Jeżeli chodzi o Petera Murphy'ego to znajomy słysząc że chcę kupić ten album, przestrzegł mnie przed tym krokiem. Ponoć płyta poza dwoma utworami, nie jest zdatna do słuchania. Takie opinie tylko zaostrzają mój apetyt, bo Peter Murphy jak i Anathema to artyści, na których albumy czekam z ogromną niecierpliwością. To już taki etap, że kupuje się każdy album, choćby nie wiem jaki miał być. Taki status ma u mnie jeszcze tylko The Cure, The Mission, Clan Of Xymox, Fields Of The Nephilim, Tiamat, The Cult i New Model Army. Zapewne w przyszłym tygodniu, listonosz dostarczy mi owe płyty, a wtedy będę mógł zweryfikować owe opinie. Pomimo chłodnych recenzji, trzymam mocno kciuki za oba wydawnictwa, bo jak śpiewał Robert Smith, nie pozostało nam nic, prócz wiary. Póki co, zagłębię się w świat dźwięku, wykreowany na nowych płytach Archive i Embrace. Do smaku dorzucę odrobinę wybornego synth popu spod znaku Mesh oraz The Mirrors. Na jakiś czas powinno wystarczyć.

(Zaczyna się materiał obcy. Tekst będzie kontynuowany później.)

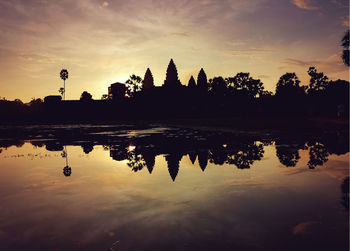 Silhouette trees by lake against sky during sunset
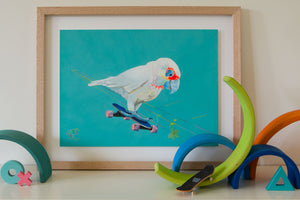 A Corella riding a skateboard. Australian bird Art print for kids bedroom by Good Art. Australiana themed artwork for kids. Artwork sits on shelf with wooden toys.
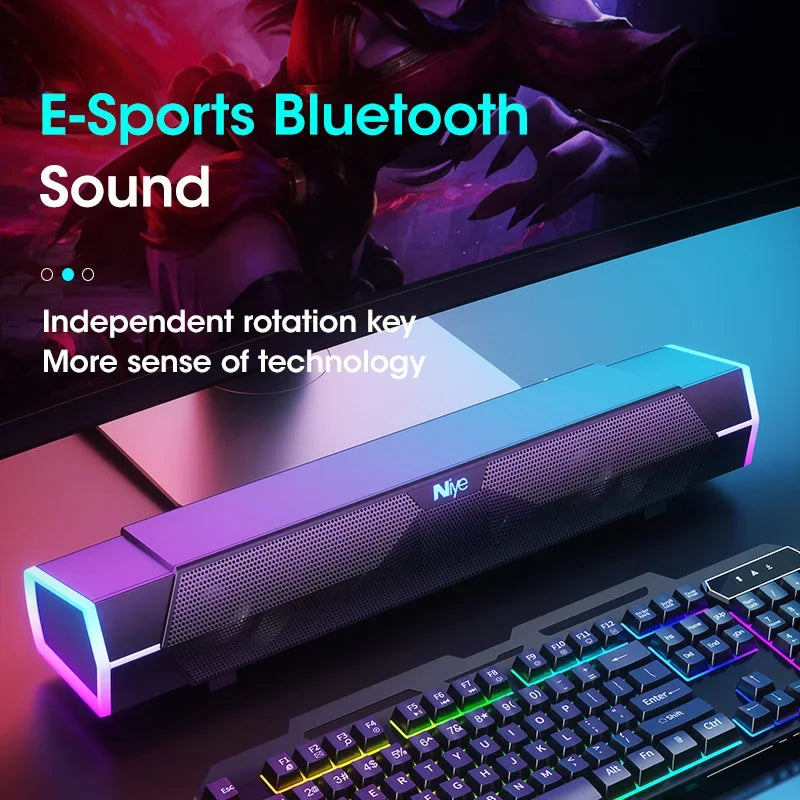 Gaming setup with Bluetooth soundbar, keyboard, and monitor on a dark background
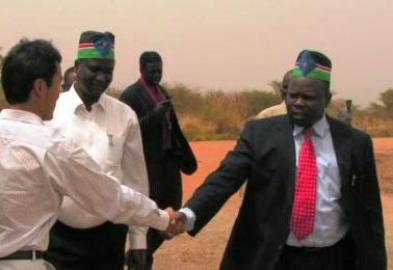 SPLM SG Pagan Amum shakes hands with a Chinese oil worker in Bentinu during a visit to the oil fileds in Unity state in 2008. The then governor of Unity state Taban Deng Gai accompanied him in his tour. (SPLM Photo)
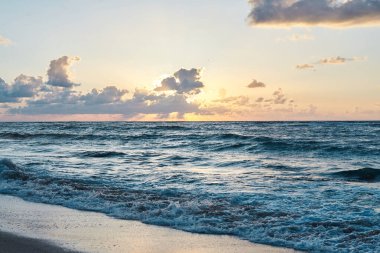 Kayalık denizde gün batımı. Akşamları okyanusta turkuaz su. Deniz kenarında küçük bulutlu sarı gökyüzü ve kumlu sahilde mavi dalgalar. Cennet tatil köyü manzarası. Okyanus dalgalarının yakın plan resmi.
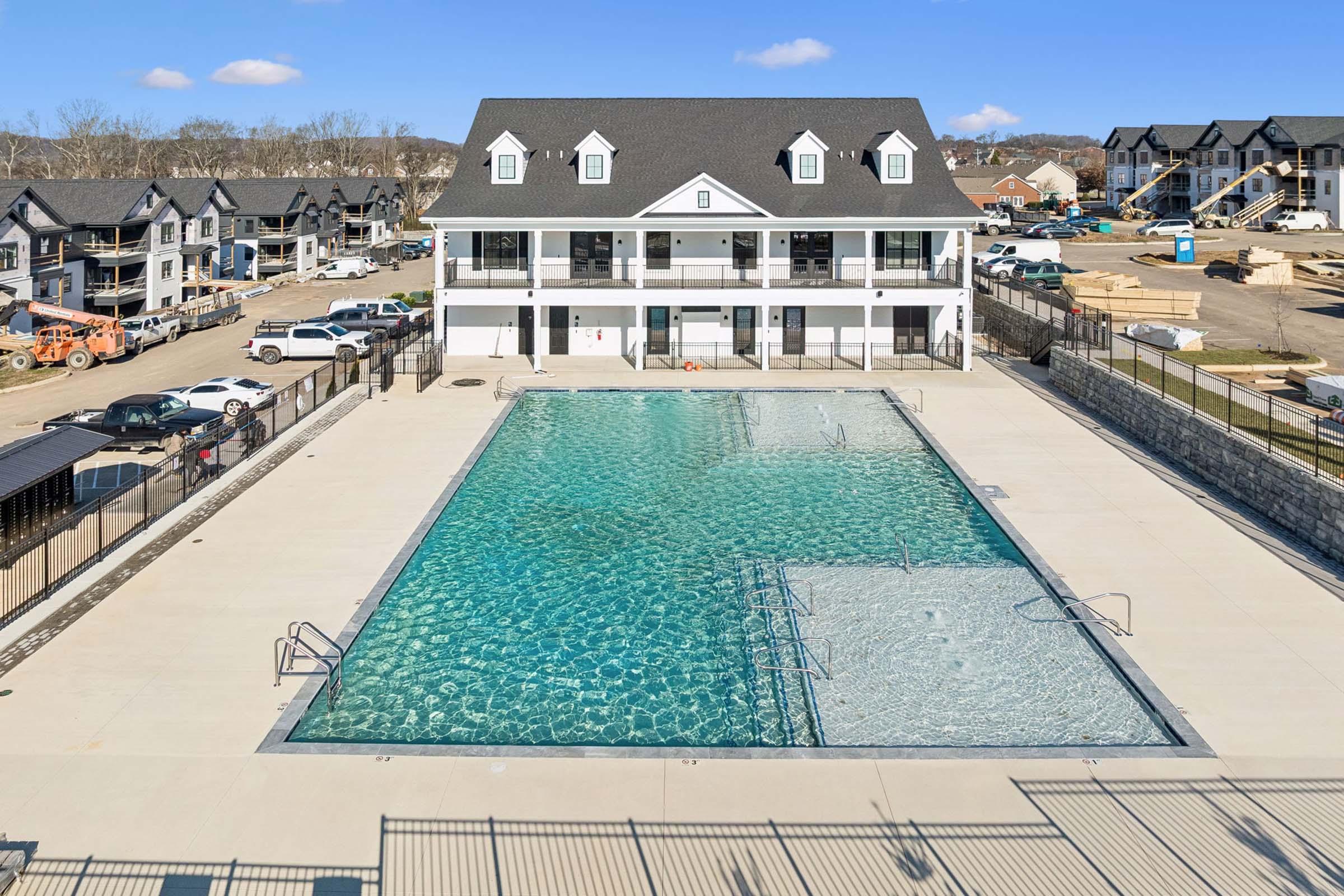 A large swimming pool with clear blue water in front of a modern two-story building. The pool features a shallow area and surrounded by a fenced patio. In the background, there are several buildings under construction and parked vehicles, with a clear sky above.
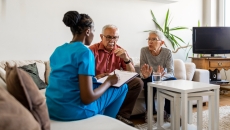 Two people sitting on a couch talking to a healthcare provider who is sitting on a different couch Two people sitting on a couch talking to a healthcare provider who is sitting on a different couch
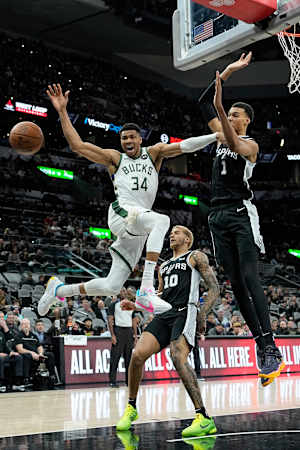Jan 4, 2024; San Antonio, Texas, USA; Milwaukee Bucks forward Giannis Antetokounmpo (34) loses control of the ball while driving to the basket against San Antonio Spurs forward Victor Wembanyama (1) during the first half at Frost Bank Center.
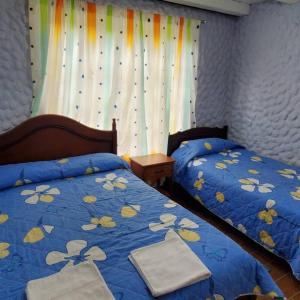 a bedroom with two beds with towels on them at El Colibrí Azul in Quito
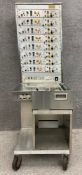 A mid century Grass Instrument Co. Model 5D polygraph machine or 'lie detector', with a main control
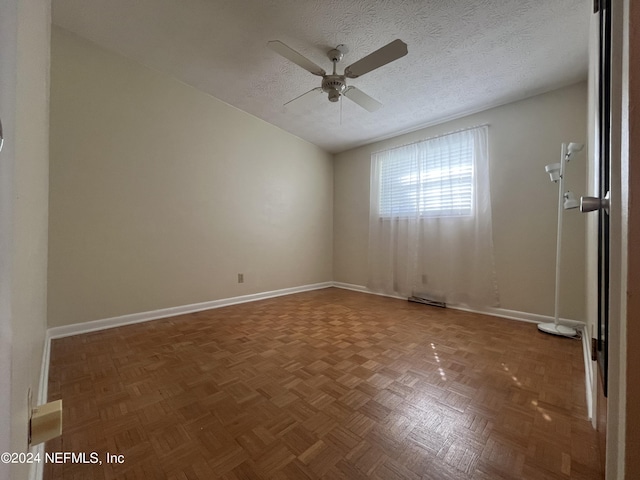 empty room featuring ceiling fan, dark parquet floors, and a textured ceiling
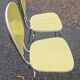 pair of yellow Formica chairs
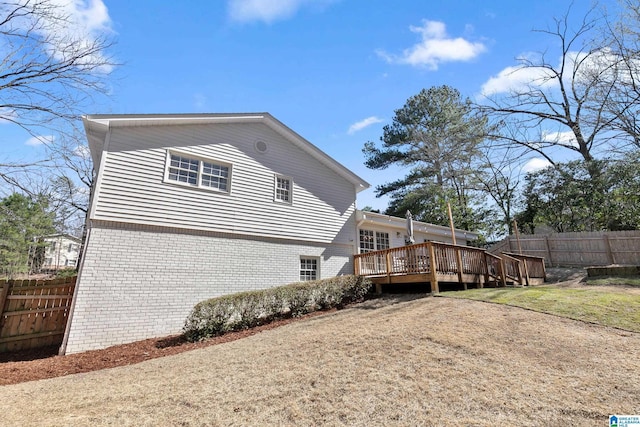 view of home's exterior with brick siding, fence, and a wooden deck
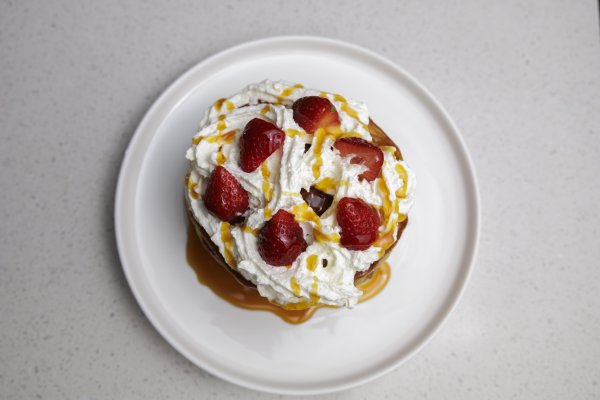 Flatlay of pancakes and cream on a plate with syrup.
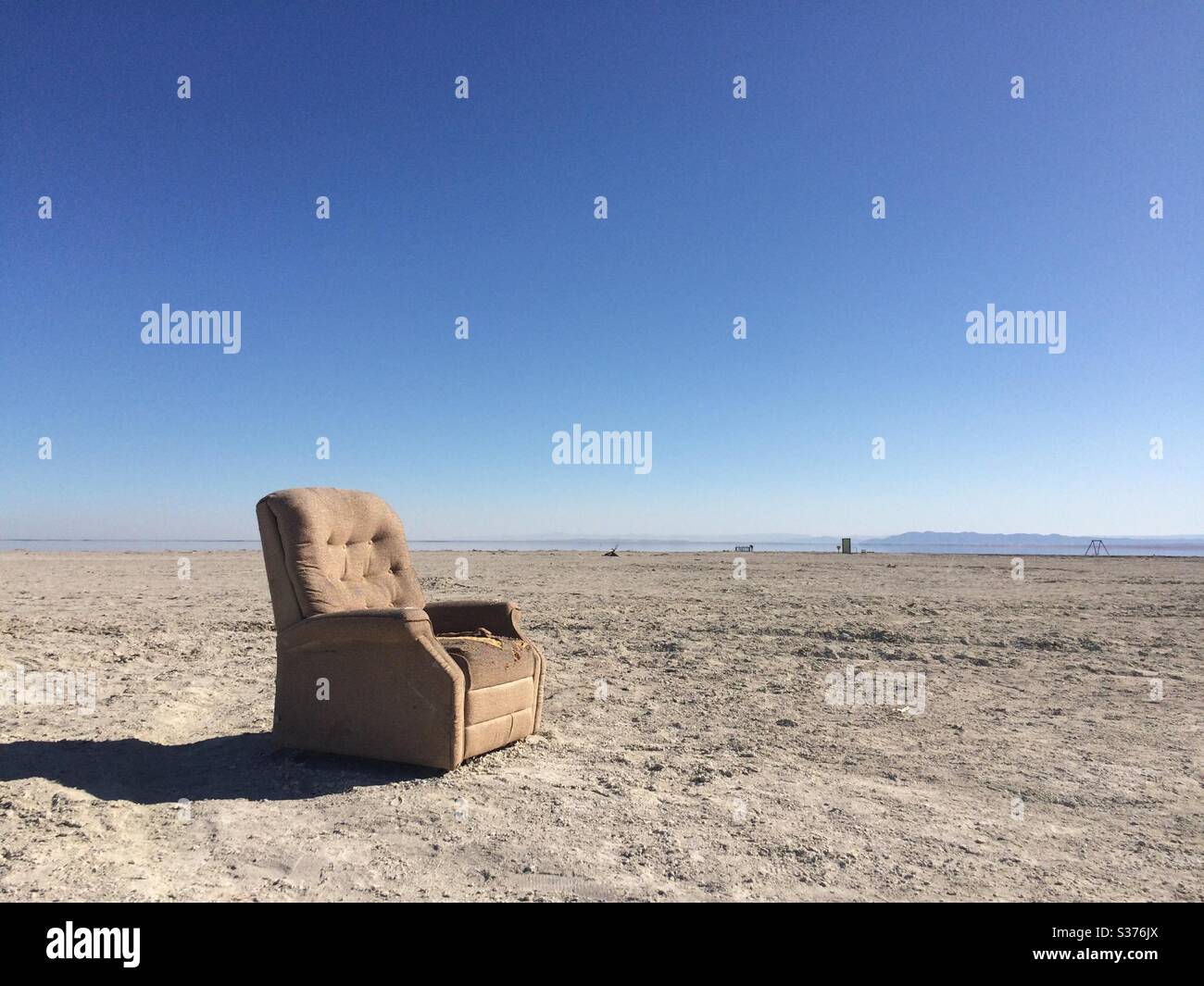 Fauteuil seul sur la plage Banque D'Images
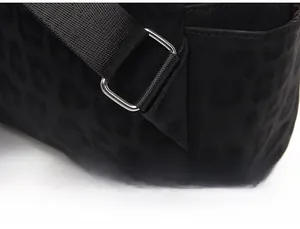Detail of reinforced shoulder strap stitching and metal adjustment buckle on leopard backpack
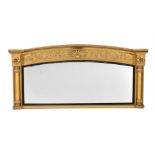 A GEORGE IV GILTWOOD AND COMPOSITION OVERMANTEL WALL MIRROR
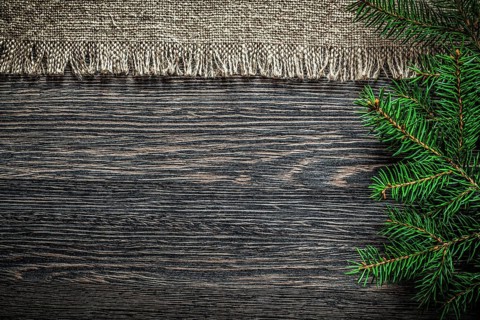 Vintage sackcloth pine branch on wooden board Christmas background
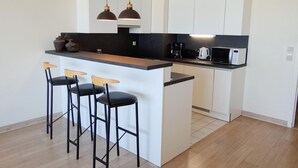 A modern kitchen with a central island, bar stools, and a coffee maker. - Couple Stay Near Beaches (Nieuwpoort)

Przed nami sezon wakacyjny, więc pewnie premiery płytowe nieco wyhamują, z czego nie ukrywam, trochę się cieszę. Powodów jest kilka. Po pierwsze, będzie czas by uważniej posłuchać płyt, na które nie starczyło czasu dotychczas. Po drugie, zaoszczędzi się nieco grosza. Po trzecie i najważniejsze, będzie mniej płyt do przeniesienia w związku z szykującą się przeprowadzką.